An Atheist Explores the Bible Part 220: The Metaphysics of Christ, and why Christians smell like barbecue (2 Corinthians 1-5)
2 Corinthians 1-5
The Metaphysics of Christ, and why Christians smell like barbecue.
The Metaphysics of Christ, and why Christians smell like barbecue.
Welcome to another instalment of An Atheist Explores
Sacred Texts (Bible version).
In this series I work my way chapter-by-chapter through
the King James Bible, commenting on it from the point of view of the text as
literature and mythology.
For more detail, see the introductory post http://bit.ly/2F8f9JT
For the online KJV I use, see here http://bit.ly/2m0zVUP
And now:
2 Corinthians 1
“Who
comforteth us in all our tribulation, that we may be able to comfort them which
are in any trouble, by the comfort wherewith we ourselves are comforted of
God.”
Dear
Corinthians, Paul here. Sorry I didn’t come to you after my last letter but I
had some trouble in Asia – sentenced to death and all that. Plus God told me
not to for your own good.
That seem to
be pretty much it for this chapter. I didn’t really follow the bit about “When I therefore was thus minded, did I use
lightness? or the things that I purpose, do I purpose according to the flesh,
that with me there should be yea yea, and nay nay?”, apart from Paul
excusing himself for not visiting Corinth and saying that he didn’t make the
choice lightly.
The opening
salutations expound at some length about how God provides comfort for those
suffering, and some contortions about how the suffering is like the suffering
of Christ and therefore (?) this makes the comfort of God closer to Christians.
Or something like that.
2 Corinthians 2
“For if I make you sorry, who is he then that
maketh me glad, but the same which is made sorry by me?”
Paul evidently
caused some offence with his last epistle to the Corinthians, because here he
tries to explain that he was telling them what to do for their own good, and
that he didn’t come to visit them in case his presence upset them or made them
feel like he was being heavy-handed. He then digresses into how all Christians
are a “sweet savour” to God and
should all stick together and act as one. Really, that’s about it for this
chapter. I think compared to the letter to Rome, 1 Corinthians was less
heavy-handed, although one can see how it comes across as a bit pompous. Also,
the last thing to be called a “sweet
savour” to God was the smell of burning meat.
2 Corinthians 3
“Ye are our epistle written in our hearts, known
and read of all men”
My but Paul
loves to torture a metaphor.
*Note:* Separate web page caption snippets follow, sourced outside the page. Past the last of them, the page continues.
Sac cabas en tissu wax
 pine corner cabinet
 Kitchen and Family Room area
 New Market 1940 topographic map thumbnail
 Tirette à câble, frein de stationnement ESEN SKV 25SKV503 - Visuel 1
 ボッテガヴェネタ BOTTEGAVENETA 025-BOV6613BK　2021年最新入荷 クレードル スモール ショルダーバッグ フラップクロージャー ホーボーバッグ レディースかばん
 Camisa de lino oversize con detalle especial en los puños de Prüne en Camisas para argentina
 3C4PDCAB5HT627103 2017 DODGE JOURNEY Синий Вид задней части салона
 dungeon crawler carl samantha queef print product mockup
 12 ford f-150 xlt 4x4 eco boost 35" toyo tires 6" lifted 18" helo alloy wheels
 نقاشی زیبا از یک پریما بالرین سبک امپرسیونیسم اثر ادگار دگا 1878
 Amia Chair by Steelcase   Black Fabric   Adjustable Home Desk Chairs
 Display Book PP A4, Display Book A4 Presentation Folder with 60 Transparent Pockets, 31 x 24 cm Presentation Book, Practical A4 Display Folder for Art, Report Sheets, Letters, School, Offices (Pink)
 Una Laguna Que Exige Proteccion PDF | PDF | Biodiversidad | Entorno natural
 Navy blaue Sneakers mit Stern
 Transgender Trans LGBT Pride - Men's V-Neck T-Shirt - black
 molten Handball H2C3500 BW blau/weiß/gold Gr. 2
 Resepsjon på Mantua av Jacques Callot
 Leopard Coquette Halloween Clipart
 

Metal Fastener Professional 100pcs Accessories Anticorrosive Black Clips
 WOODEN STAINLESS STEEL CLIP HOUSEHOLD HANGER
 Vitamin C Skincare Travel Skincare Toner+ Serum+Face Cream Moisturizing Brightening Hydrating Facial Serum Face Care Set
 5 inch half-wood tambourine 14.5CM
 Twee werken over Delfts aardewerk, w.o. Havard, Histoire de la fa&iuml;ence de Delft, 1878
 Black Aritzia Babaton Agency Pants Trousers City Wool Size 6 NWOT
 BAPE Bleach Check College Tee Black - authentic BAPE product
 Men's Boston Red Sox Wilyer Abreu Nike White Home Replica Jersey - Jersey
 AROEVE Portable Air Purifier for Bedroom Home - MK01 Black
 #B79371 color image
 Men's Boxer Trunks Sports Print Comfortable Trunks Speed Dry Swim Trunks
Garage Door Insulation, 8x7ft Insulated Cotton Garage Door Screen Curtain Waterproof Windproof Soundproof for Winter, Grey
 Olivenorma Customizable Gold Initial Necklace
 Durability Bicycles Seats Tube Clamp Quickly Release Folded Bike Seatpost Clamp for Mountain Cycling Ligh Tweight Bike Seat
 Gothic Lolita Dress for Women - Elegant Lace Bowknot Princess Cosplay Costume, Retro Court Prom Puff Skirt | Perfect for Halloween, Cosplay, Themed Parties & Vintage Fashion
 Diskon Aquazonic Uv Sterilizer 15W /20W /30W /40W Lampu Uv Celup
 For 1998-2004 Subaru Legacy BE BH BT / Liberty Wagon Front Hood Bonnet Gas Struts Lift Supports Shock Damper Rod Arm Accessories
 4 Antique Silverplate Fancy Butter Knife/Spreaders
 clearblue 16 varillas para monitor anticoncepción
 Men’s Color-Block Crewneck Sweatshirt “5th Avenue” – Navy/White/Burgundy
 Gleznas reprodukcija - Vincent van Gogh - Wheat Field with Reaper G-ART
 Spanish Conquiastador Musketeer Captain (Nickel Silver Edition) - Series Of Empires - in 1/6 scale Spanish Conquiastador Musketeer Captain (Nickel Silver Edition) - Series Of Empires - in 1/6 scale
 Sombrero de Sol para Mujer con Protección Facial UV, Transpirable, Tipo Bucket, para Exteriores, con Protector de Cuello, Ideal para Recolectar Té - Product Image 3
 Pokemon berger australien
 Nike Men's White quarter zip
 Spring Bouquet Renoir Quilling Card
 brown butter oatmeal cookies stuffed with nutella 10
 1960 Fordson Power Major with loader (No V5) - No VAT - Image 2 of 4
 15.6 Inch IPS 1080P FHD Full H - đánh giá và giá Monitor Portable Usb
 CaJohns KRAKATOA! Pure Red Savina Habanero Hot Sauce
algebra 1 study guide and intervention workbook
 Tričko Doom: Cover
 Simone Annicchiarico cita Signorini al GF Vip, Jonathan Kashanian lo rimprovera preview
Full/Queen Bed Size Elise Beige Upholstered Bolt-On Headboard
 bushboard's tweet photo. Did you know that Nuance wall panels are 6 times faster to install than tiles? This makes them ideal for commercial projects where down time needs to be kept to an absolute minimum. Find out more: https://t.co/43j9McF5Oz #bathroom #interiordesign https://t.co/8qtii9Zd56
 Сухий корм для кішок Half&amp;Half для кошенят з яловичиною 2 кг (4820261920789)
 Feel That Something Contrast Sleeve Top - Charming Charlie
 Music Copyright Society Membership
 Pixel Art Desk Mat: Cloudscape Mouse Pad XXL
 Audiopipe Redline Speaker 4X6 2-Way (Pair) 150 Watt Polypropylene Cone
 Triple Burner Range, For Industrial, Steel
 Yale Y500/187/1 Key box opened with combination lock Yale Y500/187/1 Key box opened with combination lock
The Corinthians, apparently, are an epistle
written in the “fleshy tables of the
heart” with the “spirit of the living
God” and administered by Paul. Not sure written to whom, perhaps
themselves? However, Paul then goes on to say that letters and epistles are
bad, because “the letter killeth, but the
spirit giveth life”. So they are sort of an epistle, but a better one
because written in spirit and not writing? Okay… I think I’ve got that. Go on.
Paul then
compares this to Moses’ laws written on stone, and how it’s easier (I think)
for people to ignore these than it is something written in their hearts with
spirit (“But even unto this day, when
Moses is read, the vail is upon their heart”). Which .. again, okay, think
I’ve got that.
The final line
is interesting – “But we all, with open
face beholding as in a glass the glory of the Lord”; this implies that a
believer can look in a mirror and see God (or Christ, perhaps. Which Lord?). Is
this because God is in their hearts, or is it some kind of hubris going on here
where they become God-like through their belief?
2 Corinthians 4
“In whom the god of this world hath blinded the
minds of them which believe not, lest the light of the glorious gospel of
Christ, who is the image of God, should shine unto them.”
That’s me. But
does this seem fair? And why would God decide that some people are not going to
receive His message when the idea seemed to be to make it available to everyone
and not just the Jews? Funny that Paul here should say that this is the will of
God, and not some trick of Satan as one might expect (and often hears). When
editing this, though, I note that Paul uses the term “god of this world” without a capital, whilst later on he uses
capital-G “God”. Now, the KJV is not that consistent with its capital letters,
but perhaps the case here is that Paul is referring to material concerns with
the expression “god of this world”. I
dunno, it’s not very clear.
Anyway, this
is otherwise quite a mystical chapter, looking at how Paul deals more with the
eternal realm than the temporal physical realm. The magic potency of Jesus’
death and resurrection, when experienced by a believer who, by believing,
somehow partakes of the mystic energies of the Passion, provide a kind of
spiritual bulwark against feeling despair and other bad thoughts, and also
provides a mystical connection to the power of life after death.
This, to me,
is the plainest explanation so far of the mystery cult aspect of Paul’s version
of Christianity. The mystical powers of the Christ – spiritual courage and the
chance of resurrection – are available to those who agree to the mysteries.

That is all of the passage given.